*EXERCISE*
Of the records that follow, copy only the lines from the line containing "Hyundai IONIQ 5" to the line containing "3155 Old Highway 8 Roseville MN 55418", both included, exactly as written.
********************
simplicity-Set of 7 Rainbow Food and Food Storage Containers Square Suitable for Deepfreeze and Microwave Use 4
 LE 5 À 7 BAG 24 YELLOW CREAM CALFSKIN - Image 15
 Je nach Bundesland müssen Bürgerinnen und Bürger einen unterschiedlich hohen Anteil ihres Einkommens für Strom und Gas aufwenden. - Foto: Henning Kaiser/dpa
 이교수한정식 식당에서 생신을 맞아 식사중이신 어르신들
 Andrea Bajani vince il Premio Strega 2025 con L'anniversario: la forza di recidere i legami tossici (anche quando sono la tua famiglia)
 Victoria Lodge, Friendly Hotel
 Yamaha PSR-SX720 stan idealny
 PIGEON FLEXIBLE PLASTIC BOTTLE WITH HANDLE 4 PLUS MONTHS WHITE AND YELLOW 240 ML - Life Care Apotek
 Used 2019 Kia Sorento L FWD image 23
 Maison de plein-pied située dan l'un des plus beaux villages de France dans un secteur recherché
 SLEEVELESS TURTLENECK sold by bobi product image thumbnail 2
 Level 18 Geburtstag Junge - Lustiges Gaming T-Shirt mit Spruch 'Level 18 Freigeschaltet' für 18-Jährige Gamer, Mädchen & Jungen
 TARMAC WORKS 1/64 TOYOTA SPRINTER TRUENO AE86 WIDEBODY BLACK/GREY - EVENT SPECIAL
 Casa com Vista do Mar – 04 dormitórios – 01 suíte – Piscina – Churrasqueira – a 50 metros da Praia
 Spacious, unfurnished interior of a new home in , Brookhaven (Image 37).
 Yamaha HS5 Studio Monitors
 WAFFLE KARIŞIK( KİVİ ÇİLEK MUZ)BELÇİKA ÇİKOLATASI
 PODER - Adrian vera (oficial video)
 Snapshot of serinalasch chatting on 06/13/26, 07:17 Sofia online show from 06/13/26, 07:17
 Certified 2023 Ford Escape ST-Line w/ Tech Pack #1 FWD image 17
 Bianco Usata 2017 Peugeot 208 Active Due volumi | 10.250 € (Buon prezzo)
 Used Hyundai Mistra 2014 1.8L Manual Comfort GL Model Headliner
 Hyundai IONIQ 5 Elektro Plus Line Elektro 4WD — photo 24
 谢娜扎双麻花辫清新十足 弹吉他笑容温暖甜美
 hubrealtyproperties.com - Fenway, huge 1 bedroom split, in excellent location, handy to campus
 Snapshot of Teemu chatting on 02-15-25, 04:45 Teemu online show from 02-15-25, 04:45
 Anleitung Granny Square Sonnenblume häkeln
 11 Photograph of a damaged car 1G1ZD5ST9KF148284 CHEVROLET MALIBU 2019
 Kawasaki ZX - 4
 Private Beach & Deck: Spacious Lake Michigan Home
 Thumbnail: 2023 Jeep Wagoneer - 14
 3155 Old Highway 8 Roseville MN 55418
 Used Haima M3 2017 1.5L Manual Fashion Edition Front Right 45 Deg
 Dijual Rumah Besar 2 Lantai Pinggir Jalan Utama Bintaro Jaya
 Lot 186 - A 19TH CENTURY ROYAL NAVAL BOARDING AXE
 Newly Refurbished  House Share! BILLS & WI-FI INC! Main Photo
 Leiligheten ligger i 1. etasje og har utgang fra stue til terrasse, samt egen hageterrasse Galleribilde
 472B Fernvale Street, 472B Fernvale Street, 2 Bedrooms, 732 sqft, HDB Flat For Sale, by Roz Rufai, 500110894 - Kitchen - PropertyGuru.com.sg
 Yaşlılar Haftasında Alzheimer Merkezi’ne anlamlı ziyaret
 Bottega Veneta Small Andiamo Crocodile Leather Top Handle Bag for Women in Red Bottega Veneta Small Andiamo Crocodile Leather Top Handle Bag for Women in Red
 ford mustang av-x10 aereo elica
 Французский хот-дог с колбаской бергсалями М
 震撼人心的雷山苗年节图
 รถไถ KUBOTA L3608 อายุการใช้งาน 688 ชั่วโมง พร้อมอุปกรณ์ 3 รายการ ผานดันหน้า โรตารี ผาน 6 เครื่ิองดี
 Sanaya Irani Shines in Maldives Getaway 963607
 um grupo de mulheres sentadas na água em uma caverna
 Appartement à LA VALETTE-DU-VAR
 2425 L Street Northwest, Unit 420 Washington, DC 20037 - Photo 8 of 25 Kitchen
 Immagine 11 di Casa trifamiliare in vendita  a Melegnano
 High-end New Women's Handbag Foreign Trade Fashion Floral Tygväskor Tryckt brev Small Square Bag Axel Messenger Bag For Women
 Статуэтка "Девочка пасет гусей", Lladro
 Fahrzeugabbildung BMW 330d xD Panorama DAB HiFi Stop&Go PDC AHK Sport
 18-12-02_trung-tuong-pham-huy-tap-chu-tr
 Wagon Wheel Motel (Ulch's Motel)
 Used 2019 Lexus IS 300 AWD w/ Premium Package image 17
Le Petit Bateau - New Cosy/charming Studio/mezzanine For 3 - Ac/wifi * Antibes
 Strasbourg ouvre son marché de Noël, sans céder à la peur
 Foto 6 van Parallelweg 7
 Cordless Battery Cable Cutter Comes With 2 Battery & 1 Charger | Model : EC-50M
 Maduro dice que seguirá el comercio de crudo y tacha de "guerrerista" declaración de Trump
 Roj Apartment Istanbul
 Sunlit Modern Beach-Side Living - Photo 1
********************
*EXPECTED OUTPUT*
 Hyundai IONIQ 5 Elektro Plus Line Elektro 4WD — photo 24
 谢娜扎双麻花辫清新十足 弹吉他笑容温暖甜美
 hubrealtyproperties.com - Fenway, huge 1 bedroom split, in excellent location, handy to campus
 Snapshot of Teemu chatting on 02-15-25, 04:45 Teemu online show from 02-15-25, 04:45
 Anleitung Granny Square Sonnenblume häkeln
 11 Photograph of a damaged car 1G1ZD5ST9KF148284 CHEVROLET MALIBU 2019
 Kawasaki ZX - 4
 Private Beach & Deck: Spacious Lake Michigan Home
 Thumbnail: 2023 Jeep Wagoneer - 14
 3155 Old Highway 8 Roseville MN 55418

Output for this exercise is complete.